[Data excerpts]
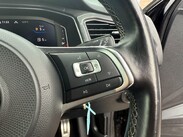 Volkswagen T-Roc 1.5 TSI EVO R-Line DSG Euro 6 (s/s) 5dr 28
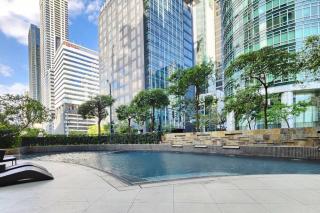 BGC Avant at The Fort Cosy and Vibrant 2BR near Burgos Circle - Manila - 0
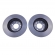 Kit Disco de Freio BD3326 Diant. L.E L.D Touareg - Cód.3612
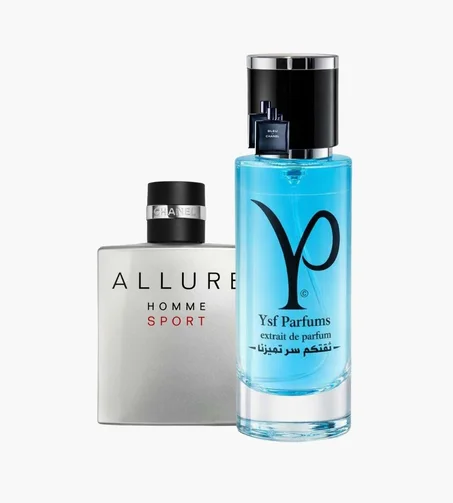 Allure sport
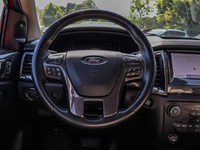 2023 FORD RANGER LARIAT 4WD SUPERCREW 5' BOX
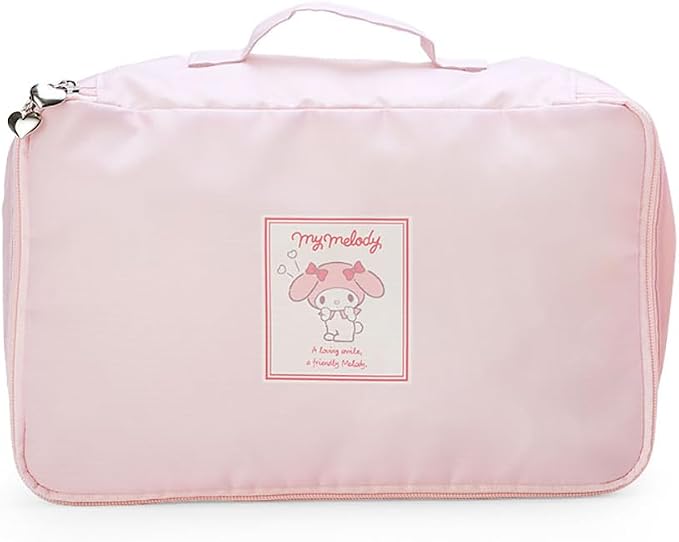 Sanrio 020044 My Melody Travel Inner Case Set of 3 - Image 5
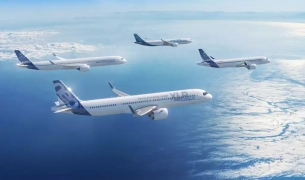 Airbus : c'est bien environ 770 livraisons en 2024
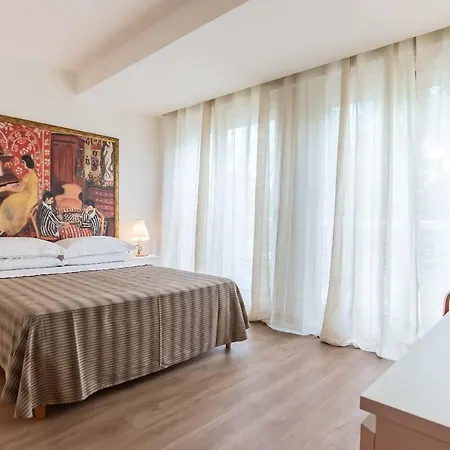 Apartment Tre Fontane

-- WORK TASK --
Retype every record above exactly as written, but leave out the pictures.

-- EXPECTED ANSWER --
 Volkswagen T-Roc 1.5 TSI EVO R-Line DSG Euro 6 (s/s) 5dr 28
 BGC Avant at The Fort Cosy and Vibrant 2BR near Burgos Circle - Manila - 0
 Kit Disco de Freio BD3326 Diant. L.E L.D Touareg - Cód.3612
 Allure sport
 2023 FORD RANGER LARIAT 4WD SUPERCREW 5' BOX
 Sanrio 020044 My Melody Travel Inner Case Set of 3 - Image 5
 Airbus : c'est bien environ 770 livraisons en 2024
 Apartment Tre Fontane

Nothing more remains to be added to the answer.